At first I didn't pay too much attention to the final size of the picture; as my work progressed I kept expanding the canvas when I needed to. My original idea was to create a picture of a tropical landscape in a thunderstorm, with mountain peaks that were encrusted with lightning conductors so that lighting would flow from one peak to the next through the entire picture. Later, I realised that lightning's brightness would steal the viewer's attention from the rest of the picture, and so I wisely decided against the lightning conductors.
Step 2: Mood
Once I was satisfied with the composition of my sketch, I started looking at various pictures of skies that would help to set the mood I wanted in my work. Once I'd found the photos I was looking for, I imported them into Photoshop and changed the layer mode to Multiply.
I played around with the layer transparency settings and decided to duplicate a layer and introduce it using the Overlay mode (Fig.03).

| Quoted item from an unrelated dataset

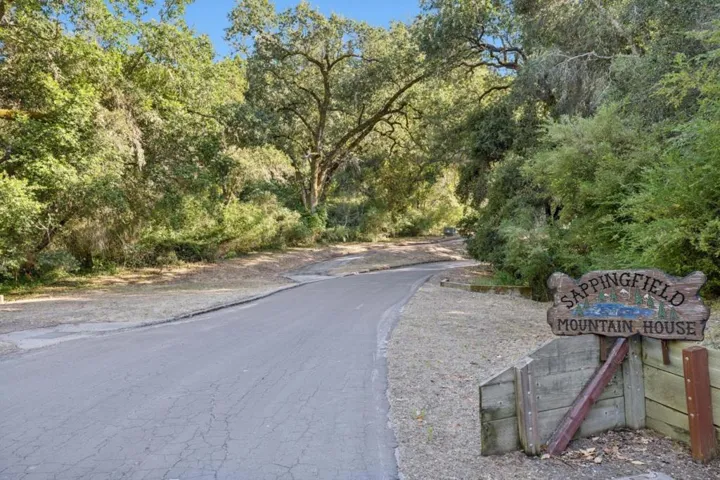 6790 Redwood Retreat Road, Gilroy, California 95020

By doing this, I created a gloomier thunderstorm mood (Fig.04). Another of my goals was to create more complex clouds, in terms of both detail and lighting; however I decided to postpone this until after I'd finished the detail on the mountains and overgrowth.
Step 3: References
Most of the time, I try to draw as much as possible in my paintings, however this time I wanted to create something that looked very realistic and detailed. After thinking it over, I spent several hours looking for the right photos of mountains, rocks, bushes and clouds.
It's very rare to find pictures that agree with each other; most of the time you're left making the best of what is on hand. Using the Lasso tool I cropped various pieces of mountains and transformed them in order to use them as Overlay layers in the picture. At this time I didn't pay too much attention to the difference in colours as they each had their own separate layer and I was going to balance them later on. In my opinion, it's much more important at this stage to find pieces that are similar in terms of texture and lighting.
Step 4: Integration
When my picture had the first elements of the mountains (Fig.05), I started working on the colour of the main mountain using the Colour Balance adjustments to make it more in tune with the gloomy sky of the picture. To achieve this I also used texture brushes (Fig.06).
I started to draw in the missing elements at the same time as correcting colours of various pieces in order to make the colour balance between them. Using the Clone Stamp tool I cloned several overgrowth pieces from various pictures and tried to distribute them evenly throughout the picture. During this process I used my own brushes as well as the Eraser and Stamp tools; I kept drawing until the seams between the various pieces that made up the image became unnoticeable.
The left side of the picture also received the same treatment. Using a mask I created a selection field for the distant mountains, and using adjustment layers I changed the saturation, contrast and colour balance in such a way as to create a feeling of depth in my work (Fig.07).